(What this task involves): Repeat the listing that follows exactly. Pictures are not part of the copy.

(Supplied information)

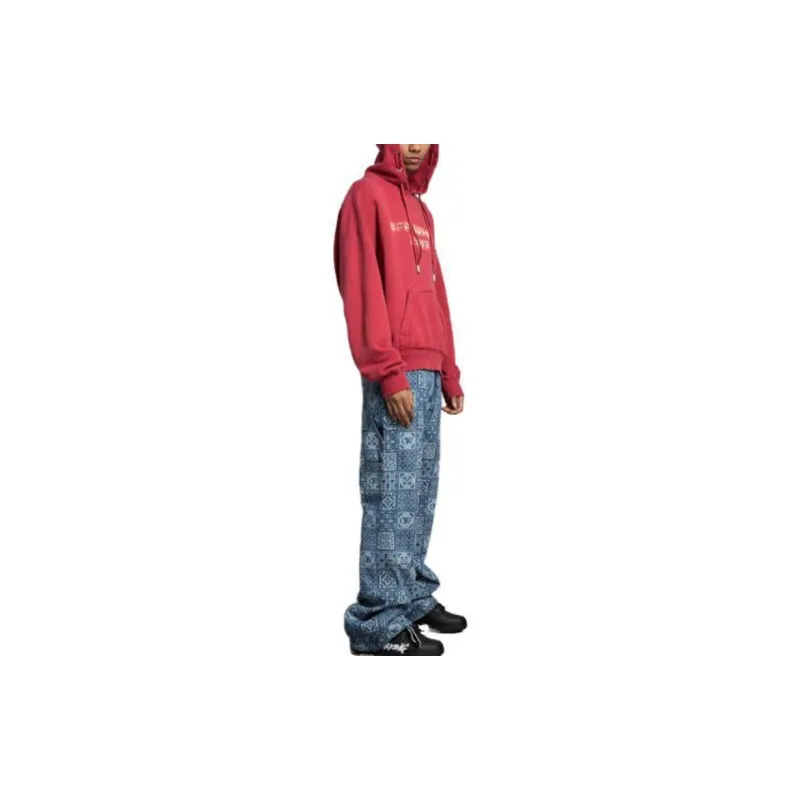 OFF WHITE Logo print Flared Carpenter Jeans-2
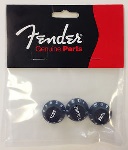 Fender Volume/Tone Knob Set, Strat®, Black, Set of 3 0991365000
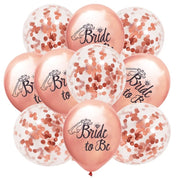 10 Bride to Be Ballonnen – Luxe Decoratie voor Vrijgezellenfeest
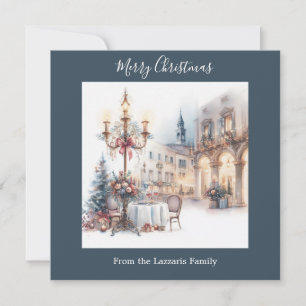 Cartes Pour Fêtes Annuelles Aquarelle de Noël classique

(End Supplied information)

(Written answer):
 OFF WHITE Logo print Flared Carpenter Jeans-2
 Fender Volume/Tone Knob Set, Strat®, Black, Set of 3 0991365000
 10 Bride to Be Ballonnen – Luxe Decoratie voor Vrijgezellenfeest
 Cartes Pour Fêtes Annuelles Aquarelle de Noël classique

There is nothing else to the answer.